Chapter 3, titled “The Mutuality of Shared Spaces,” examines shared housing among working class families. Shared housing was described as an important survival strategy for working class families. This sharing occurred both for rental and ownership of homes, in single family and multifamily dwellings. The formation of these expanded households tended to hinge on connections between female kin, with cross-generational sharing more common (mothers/daughters or aunts/nieces) than sharing among members of the same generation. In many cases, homeowners charged co-habiting relatives below market rates for room and board, thereby helping to stretch family budgets. While shared housing undoubtedly help working class families cope with a variety of life cycle changes, it created discontent when there were unclear expectations regarding monetary and household contributions.

Chapter 4, titled “What Goes ‘Round, Comes ‘Round,” deals with reciprocity, or the exchange of goods, services and labor among working class families. Reciprocal arrangements were common for housework, childcare, clothing, food and cash. A separate, but related issue regarding childcare was that of fostering children. As in the case of shared housing, reciprocal arrangements tended to hinge on the relationships among women. Children were also of paramount importance. The provision of food, clothing and other services for children was of special concern. In particular, there was less pressure for repayment when services were provided for children as compared to when they were provided for adults. These reciprocal arrangements were often the lifeline that kept working class families afloat when they faced setbacks or disaster. Yet not all families were able to benefit from these arrangements. Those best able to benefit from reciprocity had strong social networks, and, in the case of cash, a reputation for timely repayment.

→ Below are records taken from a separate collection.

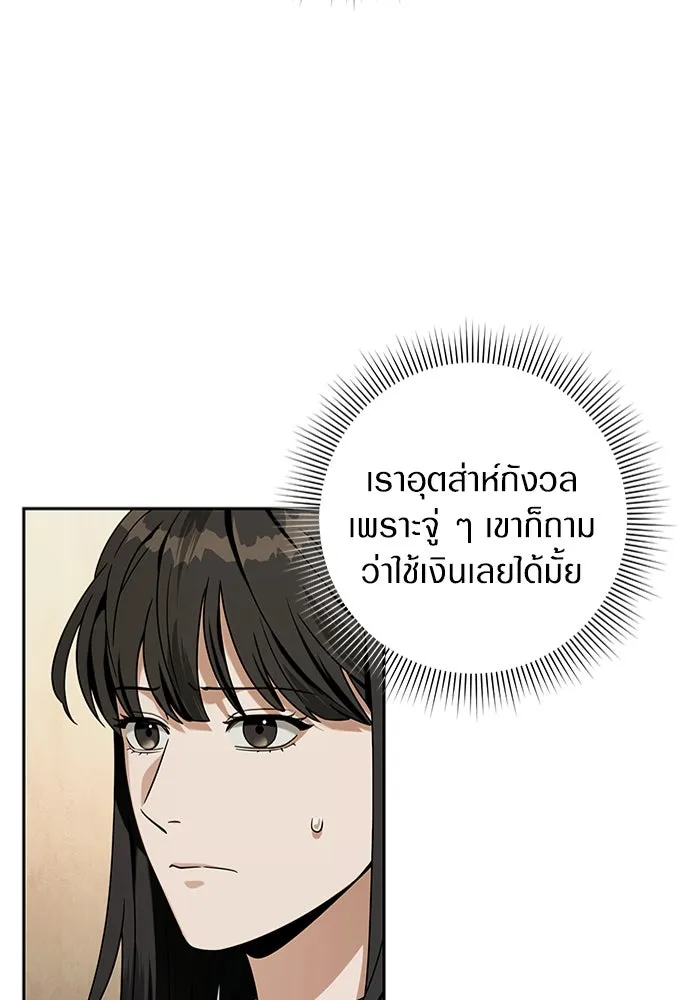 The Delusional Hunter In A Another World ตอนที่ 29 11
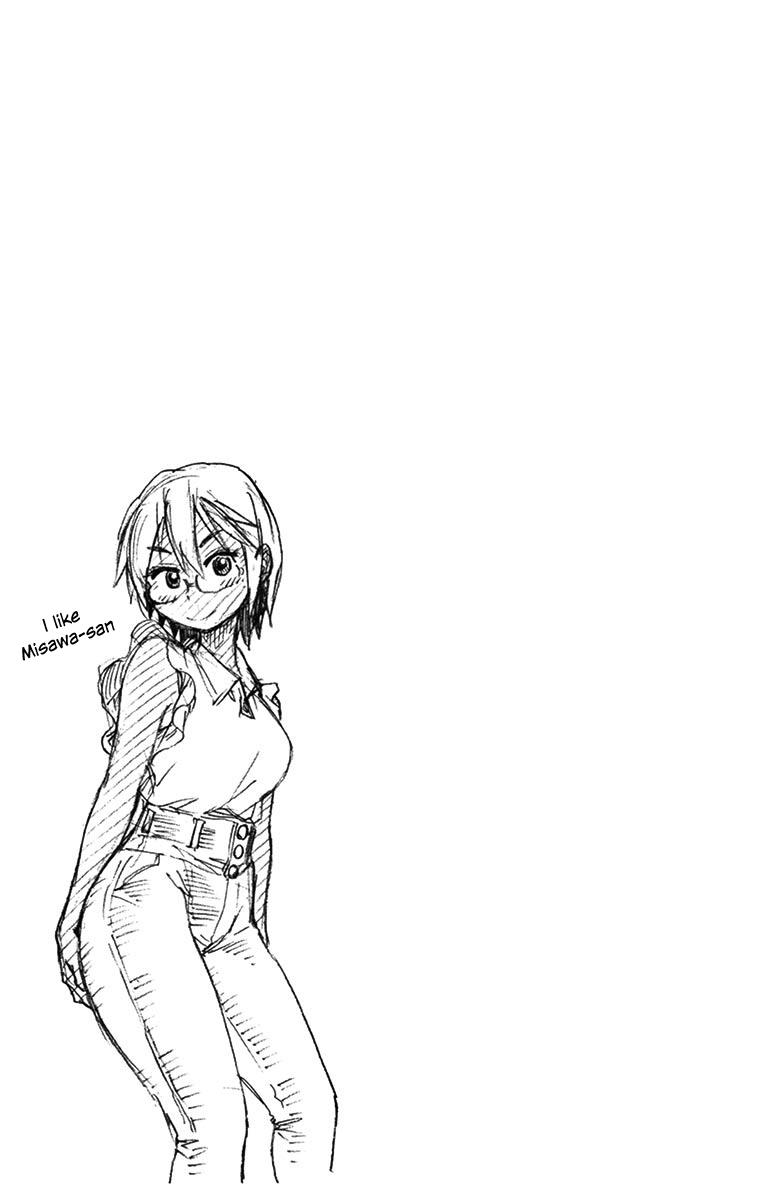 Read Amano Megumi wa Suki Darake! Manga Online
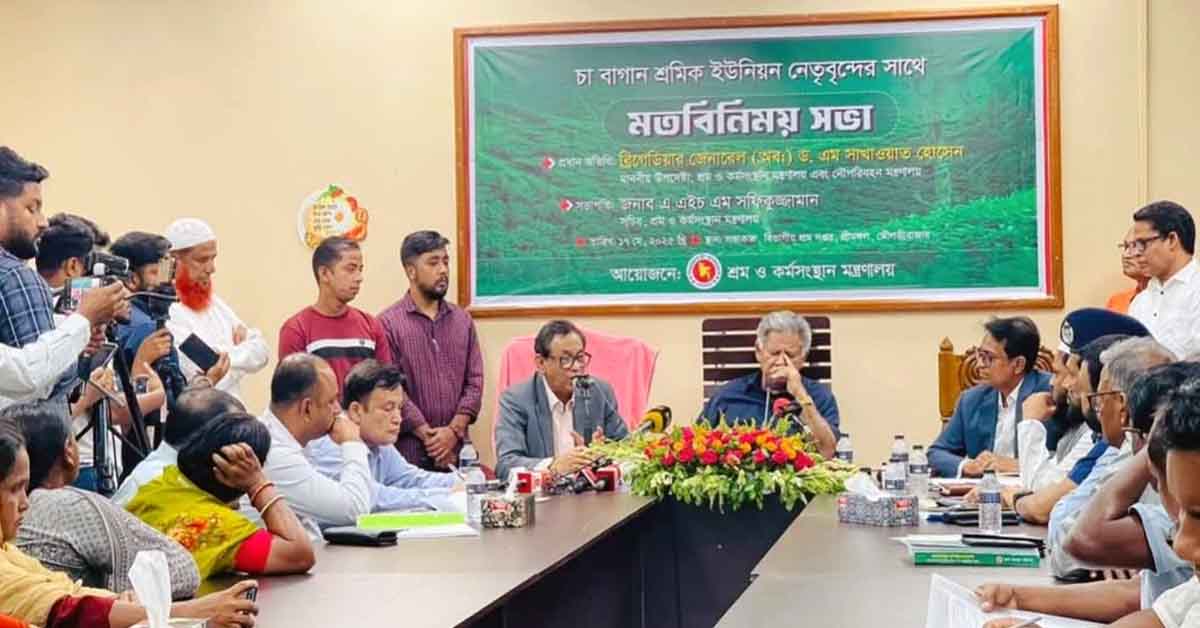 চা বাগানে প্রবেশে ফি নির্ধারণের নির্দেশ; শ্রীমঙ্গলে শ্রম উপদেষ্টা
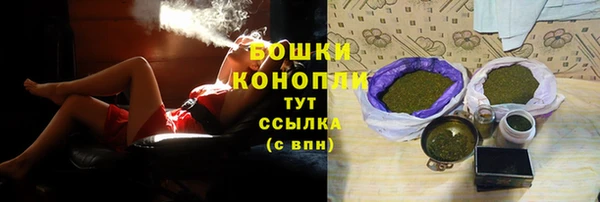 MESCALINE Краснослободск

Chapter 5, titled “The Family Economy in the Marketplace,” deals with the ways in which market transactions enhanced the operation of working class households. Purchases of goods and services helped to create more time for female workforce participation. For example, the purchase of baked goods, ready-made clothing, varying levels of laundry services, and household appliances such as washing machines, irons and sewing machines could reduce the time women spent on household duties. Participation in the second hand market helped working class families obtain items that would otherwise be unaffordable, such as clothing, furniture and work tools. Credit was often used by these families to meet regular expenses, like food or rent, during periods of unemployment or difficulty. In general, however, the use of credit for additional purchases was viewed with fear and avoided.

The final chapter of the book, titled “Class, Gender and Reciprocity,” presents David Montgomery’s tribute to Susan Porter Benson and her contributions to our understanding of working women in the United States of the early twentieth century.

This book was enjoyable to read due to the detailed and often colorful accounts of the lives of individual women and their families. It is, however, a very different investigation of working class lives than found in the many cost of living studies that are based on working class budgets, or Peter Shergold’s specific examination of the working classes in Working-Class Life: The “American Standard” in Comparative Perspective, 1899-1913 (University of Pittsburgh Press, 1982). Specifically, the book offers little in the way of aggregate statistics. When provided, they raise questions about the importance attached to specific characteristics of the working class lives under consideration. For example, the importance of shared housing is addressed in Chapter 3. Tables 1, 2 and 3 in the notes to Chapter 3 suggest that shared housing was a reality for approximately 17 percent of the households surveyed. Economists will find this general absence of quantification frustrating.

Marianne Ward is Associate Professor in the Department of Economics at Loyola College in Maryland. She is currently working on reconciliations of international comparisons across time and space. She also continues work on a longer term project to produce international price and income benchmarks for a large group of countries in the nineteenth and twentieth centuries.